• last month
Transcript
00:00Hello everybody, my name is Adam Cleary, welcome to 442, and Mikel Arteta, it's happened again.
00:11Now of course it is only the first leg of the Carabao Cup semi-final, nothing has been won or decided yet,
00:16but I think that performance by Newcastle United might have a shout as being the best one ever under Eddie Howe.
00:24When you factor in the opposition, the graft, the work rate, the occasion, what was at stake,
00:28every little thing like that, I certainly think it's in the conversation.
00:31But how? How did they do that?
00:34Well, in nerd-speak, it's because it was one of the most effectively adaptive tactical performances I have seen so far this season.
00:43That, and the f***ing ball apparently.

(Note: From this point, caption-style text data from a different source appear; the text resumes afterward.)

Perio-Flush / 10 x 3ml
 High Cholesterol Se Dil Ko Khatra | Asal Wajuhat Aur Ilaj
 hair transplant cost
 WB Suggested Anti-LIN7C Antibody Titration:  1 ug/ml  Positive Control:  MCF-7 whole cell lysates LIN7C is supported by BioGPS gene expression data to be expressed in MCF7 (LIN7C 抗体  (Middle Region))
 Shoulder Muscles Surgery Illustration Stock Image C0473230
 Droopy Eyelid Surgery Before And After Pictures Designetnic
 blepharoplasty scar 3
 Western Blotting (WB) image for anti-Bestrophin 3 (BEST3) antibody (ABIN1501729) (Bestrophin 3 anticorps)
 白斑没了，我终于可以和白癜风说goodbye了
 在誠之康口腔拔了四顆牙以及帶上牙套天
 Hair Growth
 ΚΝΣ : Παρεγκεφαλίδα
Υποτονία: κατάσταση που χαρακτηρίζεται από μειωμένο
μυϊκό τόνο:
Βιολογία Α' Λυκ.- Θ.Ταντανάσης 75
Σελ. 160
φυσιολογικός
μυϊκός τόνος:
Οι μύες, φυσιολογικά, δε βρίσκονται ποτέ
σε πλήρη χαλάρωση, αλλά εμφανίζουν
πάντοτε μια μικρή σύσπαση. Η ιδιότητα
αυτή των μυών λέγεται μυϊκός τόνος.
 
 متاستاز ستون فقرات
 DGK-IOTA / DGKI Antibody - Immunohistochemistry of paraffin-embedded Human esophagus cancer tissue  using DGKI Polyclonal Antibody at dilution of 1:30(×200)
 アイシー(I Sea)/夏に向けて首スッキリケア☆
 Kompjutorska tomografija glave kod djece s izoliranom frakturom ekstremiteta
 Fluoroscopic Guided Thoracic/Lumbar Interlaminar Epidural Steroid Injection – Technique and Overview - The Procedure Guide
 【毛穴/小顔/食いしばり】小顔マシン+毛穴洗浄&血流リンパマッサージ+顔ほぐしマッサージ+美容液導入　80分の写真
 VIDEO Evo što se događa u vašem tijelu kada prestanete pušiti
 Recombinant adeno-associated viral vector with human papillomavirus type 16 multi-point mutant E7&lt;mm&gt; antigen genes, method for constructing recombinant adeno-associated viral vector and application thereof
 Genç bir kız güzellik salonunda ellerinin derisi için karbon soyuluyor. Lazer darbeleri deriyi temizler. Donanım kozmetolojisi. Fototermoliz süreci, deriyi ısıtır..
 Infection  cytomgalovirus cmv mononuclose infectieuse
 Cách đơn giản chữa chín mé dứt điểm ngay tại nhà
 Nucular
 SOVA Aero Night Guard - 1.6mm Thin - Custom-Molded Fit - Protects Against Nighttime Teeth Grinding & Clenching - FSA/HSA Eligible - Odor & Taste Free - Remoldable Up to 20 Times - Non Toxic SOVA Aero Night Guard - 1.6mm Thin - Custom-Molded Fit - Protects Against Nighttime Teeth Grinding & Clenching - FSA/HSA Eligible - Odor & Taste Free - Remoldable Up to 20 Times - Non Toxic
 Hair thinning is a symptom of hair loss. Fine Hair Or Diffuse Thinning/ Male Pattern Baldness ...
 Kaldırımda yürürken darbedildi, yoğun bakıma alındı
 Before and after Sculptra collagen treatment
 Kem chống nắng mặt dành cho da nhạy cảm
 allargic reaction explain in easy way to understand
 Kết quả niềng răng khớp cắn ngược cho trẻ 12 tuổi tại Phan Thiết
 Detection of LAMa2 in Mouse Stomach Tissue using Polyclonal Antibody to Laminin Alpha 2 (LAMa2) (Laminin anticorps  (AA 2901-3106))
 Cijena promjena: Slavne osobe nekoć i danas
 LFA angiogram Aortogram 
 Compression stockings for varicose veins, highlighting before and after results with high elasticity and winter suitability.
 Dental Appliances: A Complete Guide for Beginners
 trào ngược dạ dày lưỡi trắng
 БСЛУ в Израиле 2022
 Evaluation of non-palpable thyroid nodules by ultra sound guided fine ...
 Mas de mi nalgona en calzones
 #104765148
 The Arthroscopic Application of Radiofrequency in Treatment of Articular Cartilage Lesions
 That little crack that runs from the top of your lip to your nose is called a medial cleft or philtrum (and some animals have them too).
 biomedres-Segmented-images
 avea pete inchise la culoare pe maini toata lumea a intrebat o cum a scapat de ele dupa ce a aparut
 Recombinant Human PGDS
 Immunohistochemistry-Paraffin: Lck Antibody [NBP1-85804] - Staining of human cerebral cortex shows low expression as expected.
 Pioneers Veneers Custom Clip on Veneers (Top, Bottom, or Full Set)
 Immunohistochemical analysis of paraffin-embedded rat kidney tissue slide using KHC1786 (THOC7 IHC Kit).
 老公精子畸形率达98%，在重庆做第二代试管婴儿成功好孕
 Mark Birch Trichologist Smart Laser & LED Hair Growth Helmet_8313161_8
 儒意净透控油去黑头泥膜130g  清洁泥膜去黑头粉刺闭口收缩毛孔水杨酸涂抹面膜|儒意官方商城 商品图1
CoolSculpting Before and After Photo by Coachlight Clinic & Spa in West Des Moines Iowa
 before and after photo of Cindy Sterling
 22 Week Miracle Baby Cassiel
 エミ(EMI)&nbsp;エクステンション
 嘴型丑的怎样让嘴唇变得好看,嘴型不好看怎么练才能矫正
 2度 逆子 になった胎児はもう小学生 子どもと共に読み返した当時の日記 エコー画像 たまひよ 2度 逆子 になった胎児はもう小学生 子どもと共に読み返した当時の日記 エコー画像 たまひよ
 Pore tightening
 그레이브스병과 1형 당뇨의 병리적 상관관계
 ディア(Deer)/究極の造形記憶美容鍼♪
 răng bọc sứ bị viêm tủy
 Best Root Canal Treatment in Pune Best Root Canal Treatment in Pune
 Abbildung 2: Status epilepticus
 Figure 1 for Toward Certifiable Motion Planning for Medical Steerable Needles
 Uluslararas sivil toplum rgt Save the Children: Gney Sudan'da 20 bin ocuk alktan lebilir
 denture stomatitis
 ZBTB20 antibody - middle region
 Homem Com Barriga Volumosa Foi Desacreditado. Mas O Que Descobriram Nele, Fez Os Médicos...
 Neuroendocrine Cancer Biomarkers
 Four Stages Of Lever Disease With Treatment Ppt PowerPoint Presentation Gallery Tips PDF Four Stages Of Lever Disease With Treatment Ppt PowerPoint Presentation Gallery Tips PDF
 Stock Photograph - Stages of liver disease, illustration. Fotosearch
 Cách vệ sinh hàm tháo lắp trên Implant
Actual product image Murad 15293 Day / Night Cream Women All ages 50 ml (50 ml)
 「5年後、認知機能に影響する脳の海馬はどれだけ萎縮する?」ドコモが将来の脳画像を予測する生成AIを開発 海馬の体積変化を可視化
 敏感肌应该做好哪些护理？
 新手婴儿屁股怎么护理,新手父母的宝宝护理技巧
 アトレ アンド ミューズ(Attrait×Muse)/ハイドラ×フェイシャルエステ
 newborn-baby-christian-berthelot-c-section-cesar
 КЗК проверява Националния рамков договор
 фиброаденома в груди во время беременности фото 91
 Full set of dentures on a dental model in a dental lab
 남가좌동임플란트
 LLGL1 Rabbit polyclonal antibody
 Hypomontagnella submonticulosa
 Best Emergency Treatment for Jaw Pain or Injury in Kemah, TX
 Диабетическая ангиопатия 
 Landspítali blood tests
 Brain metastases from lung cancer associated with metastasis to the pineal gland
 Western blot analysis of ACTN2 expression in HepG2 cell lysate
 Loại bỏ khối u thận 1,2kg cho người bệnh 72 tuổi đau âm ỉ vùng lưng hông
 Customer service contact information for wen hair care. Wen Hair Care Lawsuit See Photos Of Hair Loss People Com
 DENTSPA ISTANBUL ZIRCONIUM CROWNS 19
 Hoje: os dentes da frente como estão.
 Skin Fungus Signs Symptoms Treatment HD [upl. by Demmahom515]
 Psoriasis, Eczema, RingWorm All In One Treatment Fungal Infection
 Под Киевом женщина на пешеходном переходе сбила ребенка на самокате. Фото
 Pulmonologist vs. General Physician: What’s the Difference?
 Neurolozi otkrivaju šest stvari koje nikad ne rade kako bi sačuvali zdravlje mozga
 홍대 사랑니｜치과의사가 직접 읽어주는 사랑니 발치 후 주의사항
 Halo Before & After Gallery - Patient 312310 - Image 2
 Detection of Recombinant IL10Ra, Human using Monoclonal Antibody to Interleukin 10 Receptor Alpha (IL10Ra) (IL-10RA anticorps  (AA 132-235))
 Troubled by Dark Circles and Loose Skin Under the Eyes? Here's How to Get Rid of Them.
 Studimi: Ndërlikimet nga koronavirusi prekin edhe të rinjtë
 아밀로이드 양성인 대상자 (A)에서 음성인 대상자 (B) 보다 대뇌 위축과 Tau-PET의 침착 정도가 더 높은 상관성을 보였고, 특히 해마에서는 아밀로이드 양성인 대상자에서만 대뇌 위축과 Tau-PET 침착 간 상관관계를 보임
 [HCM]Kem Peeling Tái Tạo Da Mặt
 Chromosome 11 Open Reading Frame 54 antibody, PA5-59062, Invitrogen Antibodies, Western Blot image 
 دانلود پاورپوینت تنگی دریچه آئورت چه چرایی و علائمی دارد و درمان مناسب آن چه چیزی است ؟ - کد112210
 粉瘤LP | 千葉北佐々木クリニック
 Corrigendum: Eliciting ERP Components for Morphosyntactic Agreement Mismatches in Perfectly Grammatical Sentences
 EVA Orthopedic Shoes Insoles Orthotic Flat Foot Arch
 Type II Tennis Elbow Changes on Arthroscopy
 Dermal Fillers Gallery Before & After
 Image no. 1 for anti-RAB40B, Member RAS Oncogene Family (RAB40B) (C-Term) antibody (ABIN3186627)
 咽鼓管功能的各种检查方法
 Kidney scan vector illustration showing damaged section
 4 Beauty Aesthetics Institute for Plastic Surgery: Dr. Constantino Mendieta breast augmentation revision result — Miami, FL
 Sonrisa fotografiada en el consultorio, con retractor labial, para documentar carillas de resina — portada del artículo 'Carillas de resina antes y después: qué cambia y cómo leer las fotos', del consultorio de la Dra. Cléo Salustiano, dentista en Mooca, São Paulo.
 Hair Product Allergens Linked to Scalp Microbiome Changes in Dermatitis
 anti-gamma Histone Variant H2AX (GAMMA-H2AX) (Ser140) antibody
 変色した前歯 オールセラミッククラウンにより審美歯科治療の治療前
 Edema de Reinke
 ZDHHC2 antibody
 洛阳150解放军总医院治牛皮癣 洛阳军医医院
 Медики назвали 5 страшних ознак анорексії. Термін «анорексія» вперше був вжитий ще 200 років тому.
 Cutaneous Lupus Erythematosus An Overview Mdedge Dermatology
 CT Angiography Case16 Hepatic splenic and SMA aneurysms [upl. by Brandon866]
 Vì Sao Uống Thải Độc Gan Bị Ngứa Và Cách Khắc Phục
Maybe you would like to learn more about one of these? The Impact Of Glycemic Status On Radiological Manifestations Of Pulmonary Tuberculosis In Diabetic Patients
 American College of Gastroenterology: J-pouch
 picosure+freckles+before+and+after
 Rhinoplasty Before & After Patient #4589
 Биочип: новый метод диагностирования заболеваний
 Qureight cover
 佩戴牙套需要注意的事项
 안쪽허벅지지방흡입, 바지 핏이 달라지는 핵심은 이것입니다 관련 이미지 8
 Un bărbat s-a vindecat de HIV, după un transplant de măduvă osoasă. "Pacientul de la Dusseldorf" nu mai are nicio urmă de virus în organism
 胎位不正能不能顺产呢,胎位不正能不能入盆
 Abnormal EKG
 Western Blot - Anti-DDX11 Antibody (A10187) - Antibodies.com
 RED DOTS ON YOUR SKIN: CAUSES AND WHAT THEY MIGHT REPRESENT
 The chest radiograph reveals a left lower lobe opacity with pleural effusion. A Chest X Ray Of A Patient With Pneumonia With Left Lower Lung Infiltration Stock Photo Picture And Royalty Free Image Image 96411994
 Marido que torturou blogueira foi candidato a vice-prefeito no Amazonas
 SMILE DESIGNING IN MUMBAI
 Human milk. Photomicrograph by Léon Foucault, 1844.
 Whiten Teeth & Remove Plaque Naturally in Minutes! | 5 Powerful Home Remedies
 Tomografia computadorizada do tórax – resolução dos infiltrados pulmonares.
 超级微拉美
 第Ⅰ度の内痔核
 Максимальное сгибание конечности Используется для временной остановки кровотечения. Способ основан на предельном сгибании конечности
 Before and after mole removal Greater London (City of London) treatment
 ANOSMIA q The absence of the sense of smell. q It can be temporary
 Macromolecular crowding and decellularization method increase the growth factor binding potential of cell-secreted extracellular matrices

00:49Right, so here were your two teams, Newcastle United were without Bruno Guimaraes,
00:53without whom, since he signed for the club, they've never actually won a game of football.
00:58And that's true, by the way, he's missed seven games, they've lost four, drawn three, or something like that.
01:03And they were without Fabian Schär, who was very handsome.
01:06For Arsenal, there were two points of note.
01:08Firstly, Leandro Trossard was shunted all the way to the right-hand side because of the injuries to Pekkai Osaka and Ethan Nwanyeri,
01:14and they had Kai Havertz up front because Alexander Isak plays for Newcastle.
01:18But from the very moment those team sheets were handed in, you could see exactly what Newcastle's game plan was going to be.
01:24Because the obvious replacement is the industry, the work rate, the positional discipline, and the selflessness of Sean Longstaff,
01:31who was previously playing that position before they rejigged and put Tenali in the six.
01:35But it wasn't him, was it? It was Joe Willock.
01:38And what does Joe Willock give you besides the immortal line, come on you Maggies?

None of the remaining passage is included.